The star passed away at her London home in July, aged 27. An inquest today recorded a verdict of misadventure, following an inconclusive post-mortem earlier this year.

The St Pancras Coroner's Court in London heard Amy was more than five times the UK legal drink drive limit when she died.

“It is some relief to finally find out what happened to Amy. We understand there was alcohol in her system when she passed away, it is likely a build-up of alcohol in her system over a number of days,” her family said in a statement.

“The court heard that Amy was battling hard to conquer her problems with alcohol and it is a source of great pain to us that she could not win in time. She had started drinking again that week after a period of abstinence.

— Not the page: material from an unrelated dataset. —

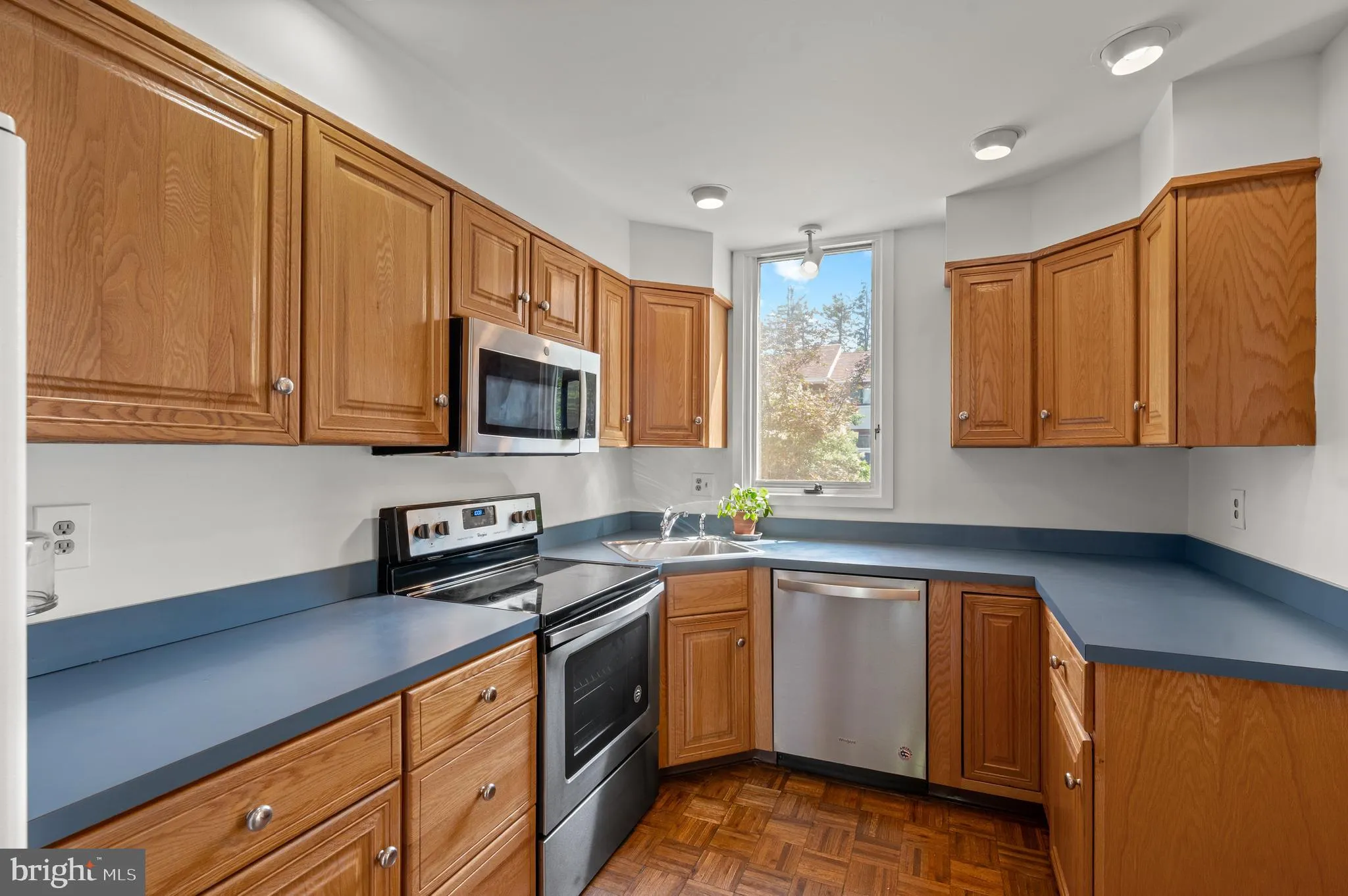 Devon, Pennsylvania 19333, United States, 3 Bedrooms Bedrooms, ,3 BathroomsBathrooms,Residential,Coming Soon,178619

“It underlines how important our work with the Amy Winehouse Foundation is to us, to help as many young people and children as we can in her name.

“It means a lot to us and from the overwhelming messages of support we have had since Amy died, we know she meant a great deal to people all over the world. We want to thank everyone for that and for their continuing enthusiasm for the Foundation."

Amy’s death was a result of alcohol poisoning due to the amount she’d consumed. Police found three vodka bottles in the bedroom where she died, two large and one small.

The court heard Amy’s organs were healthy and there was no trace of illegal substances in her system.

She had 416mg. of alcohol per 100ml. of blood in her system, enough to make her stop breathing and eventually fall into a coma.

“She had consumed sufficient alcohol at 416mg per decilitre [of blood] and the unintended consequence of such potentially fatal levels was her sudden and unexpected death,” coroner Suzanne Greenway said.

The singer battled drug addiction in the past. Her family are setting up a charity in her honour while they hope will help other young people in her position.